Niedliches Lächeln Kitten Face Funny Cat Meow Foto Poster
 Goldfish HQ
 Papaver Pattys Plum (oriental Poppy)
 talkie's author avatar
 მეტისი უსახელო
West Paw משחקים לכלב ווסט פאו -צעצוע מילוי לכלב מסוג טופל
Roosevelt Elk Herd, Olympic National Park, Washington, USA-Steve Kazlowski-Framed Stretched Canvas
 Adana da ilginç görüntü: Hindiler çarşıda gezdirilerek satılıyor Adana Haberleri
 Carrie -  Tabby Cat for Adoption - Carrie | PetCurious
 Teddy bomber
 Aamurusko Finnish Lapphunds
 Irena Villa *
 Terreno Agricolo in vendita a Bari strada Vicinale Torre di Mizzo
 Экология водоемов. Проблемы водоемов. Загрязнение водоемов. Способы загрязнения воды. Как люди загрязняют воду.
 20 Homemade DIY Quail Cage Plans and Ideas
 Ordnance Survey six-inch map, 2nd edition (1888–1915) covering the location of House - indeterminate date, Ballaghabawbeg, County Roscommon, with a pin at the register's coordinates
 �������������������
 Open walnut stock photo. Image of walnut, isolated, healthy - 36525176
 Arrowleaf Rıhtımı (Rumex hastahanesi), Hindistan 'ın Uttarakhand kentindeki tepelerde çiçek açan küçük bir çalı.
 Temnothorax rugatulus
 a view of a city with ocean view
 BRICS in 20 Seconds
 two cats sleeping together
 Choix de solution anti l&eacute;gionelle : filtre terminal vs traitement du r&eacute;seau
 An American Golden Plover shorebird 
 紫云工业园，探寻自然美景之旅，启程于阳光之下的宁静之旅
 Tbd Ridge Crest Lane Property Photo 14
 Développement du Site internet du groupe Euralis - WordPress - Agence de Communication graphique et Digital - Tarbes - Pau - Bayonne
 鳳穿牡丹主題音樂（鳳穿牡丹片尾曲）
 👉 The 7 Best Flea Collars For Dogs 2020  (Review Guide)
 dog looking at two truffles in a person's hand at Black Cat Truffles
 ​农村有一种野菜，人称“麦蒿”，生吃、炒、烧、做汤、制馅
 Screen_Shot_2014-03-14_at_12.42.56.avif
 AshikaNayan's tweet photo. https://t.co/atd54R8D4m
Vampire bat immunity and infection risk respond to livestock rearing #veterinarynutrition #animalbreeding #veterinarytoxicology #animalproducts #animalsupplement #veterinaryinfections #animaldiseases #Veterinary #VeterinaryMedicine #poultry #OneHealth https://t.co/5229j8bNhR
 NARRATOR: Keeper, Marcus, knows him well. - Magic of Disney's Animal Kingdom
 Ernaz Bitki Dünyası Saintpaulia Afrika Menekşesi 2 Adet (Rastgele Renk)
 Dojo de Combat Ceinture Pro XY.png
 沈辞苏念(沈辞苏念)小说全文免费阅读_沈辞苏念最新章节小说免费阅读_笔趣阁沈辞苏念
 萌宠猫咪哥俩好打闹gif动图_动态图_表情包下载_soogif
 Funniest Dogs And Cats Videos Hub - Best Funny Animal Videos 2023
- - - - -
**TASK PROMPT**
Copy the records above exactly, beginning at the line that contains "Carrie | PetCurious" and stopping after the line that contains "鳳穿牡丹主題音樂（鳳穿牡丹片尾曲）".

**RESPONSE**
 Carrie -  Tabby Cat for Adoption - Carrie | PetCurious
 Teddy bomber
 Aamurusko Finnish Lapphunds
 Irena Villa *
 Terreno Agricolo in vendita a Bari strada Vicinale Torre di Mizzo
 Экология водоемов. Проблемы водоемов. Загрязнение водоемов. Способы загрязнения воды. Как люди загрязняют воду.
 20 Homemade DIY Quail Cage Plans and Ideas
 Ordnance Survey six-inch map, 2nd edition (1888–1915) covering the location of House - indeterminate date, Ballaghabawbeg, County Roscommon, with a pin at the register's coordinates
 �������������������
 Open walnut stock photo. Image of walnut, isolated, healthy - 36525176
 Arrowleaf Rıhtımı (Rumex hastahanesi), Hindistan 'ın Uttarakhand kentindeki tepelerde çiçek açan küçük bir çalı.
 Temnothorax rugatulus
 a view of a city with ocean view
 BRICS in 20 Seconds
 two cats sleeping together
 Choix de solution anti l&eacute;gionelle : filtre terminal vs traitement du r&eacute;seau
 An American Golden Plover shorebird 
 紫云工业园，探寻自然美景之旅，启程于阳光之下的宁静之旅
 Tbd Ridge Crest Lane Property Photo 14
 Développement du Site internet du groupe Euralis - WordPress - Agence de Communication graphique et Digital - Tarbes - Pau - Bayonne
 鳳穿牡丹主題音樂（鳳穿牡丹片尾曲）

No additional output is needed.